Nicole Peyrafitte announced that after 2 years the Experimental Cabaret will be no more. Held on the 2nd Monday (usually) of the month at Tess' Lark Tavern (Madison Ave., Albany), Nicole presented a variety of multi-media productions with musicians, painters, dancers, puppets, poets, acrobats, typists, even a nursing mom. It even started on time. You can find an archive of the performances at www.nicolepeyrafitte.com/experimentalcabaret/.
Tonight was the last & like a rock music critic I snagged the playlist (which actually matches my notes). Nicole featured herself (as well she should) & the works of poet/anthologist/translator, etc. Pierre Joris, with bass acrobat Mike Bisio throughout. Nicole began with her signature piece "Things Fall Where They LIe" -- it's on her CD, la garbure transcontinentale (visit the website, www.nicolepeyrafitte.com for information).
Pablo Picasso is one of the most famous of 20th Century painters, but he wanted to be known as a poet (don't we all!). Jerome Rothenberg and Pierre Joris have overseen a project to translate the majority of Picasso's poetic writing into English for the first time. The result is The Burial of the Count of Orgaz & Other Poems edited with Introductions by Jerome Rothenberg & Pierre Joris, and afterword by Michel Leiris. As Pierre read some of Picasso's prose poem journal entries from 1936, images of the handwritten text were projected behind him, across his black shirt & the white paper, like he was immersed in the text, himself written on.
As with the text from Picasso, Pierre keeps introducing us to poets we don't know about but should, must. So next he read a series of short, almost tiny, poems by the Luxembourg poet, Anise Koltz, like:
I am looking for a baptismal font
to hand back my name
to drown it
in its holy water
I take original
sin upon me
like a force
that makes me invulnerable
Back to Nicole, who did the extended version of "The Dragon Land Bakery" (also on her CD) with the full version of the film by her son Joseph Mastantuono. But on the CD you won't hear Mike Bisio who was given room to stretch out his version of stretching those thick bass strings. I mean, he could be distracting while trying to watch a film at the same time, he literally dances with that wooden honey of his.
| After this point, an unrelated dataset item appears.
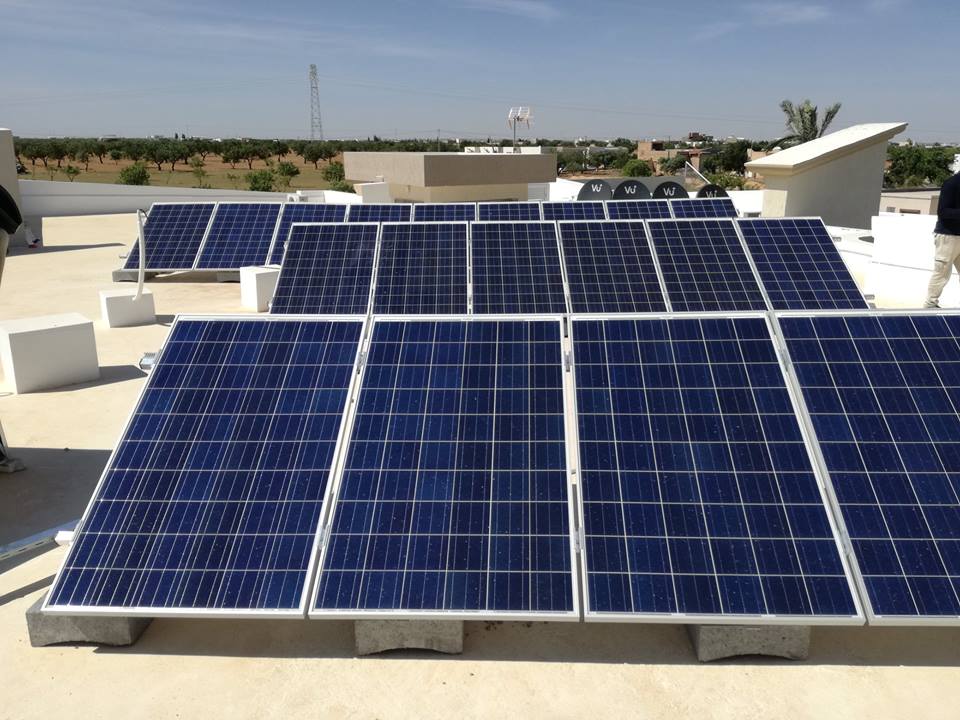 Installation photovoltaïque raccordée au réseau d’une puissance 4.845Kwc route EL AIN KM 11 SFAX TUNISIE Societe SOLIDER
After the break Pierre came back with Mike & read from "Lemur Mornings" (from his book Turbulence, St. Lazaire Press, 1991). He continued into "Hands of Gargas", crouched over a light box that contained a video camera focused on his hands as he read the poem. The image of his gesturing hands was projected on the screen with images from the cave of the prints of hands about which he was reading, mano a mano. It was perhaps the best combination of images & words (with "Dragon Land Bakery") of the night.
Then Nicole closed, fittingly enough, with a "Karaoke" version of Piaf's "Non Rien de Rien", with Mike playing along.
She has had a good run with the Experimental Cabaret. I've been privileged to perform a couple times, once with a slide/poem performance of my work & from 3 Guys from Albany, & more recently with Nicole doing poems by Iraqi poets. But we expect her back. And check out Mike Bisio whenever you can. There is a link to Pierre's blog at the very bottom of this site -- check it out too.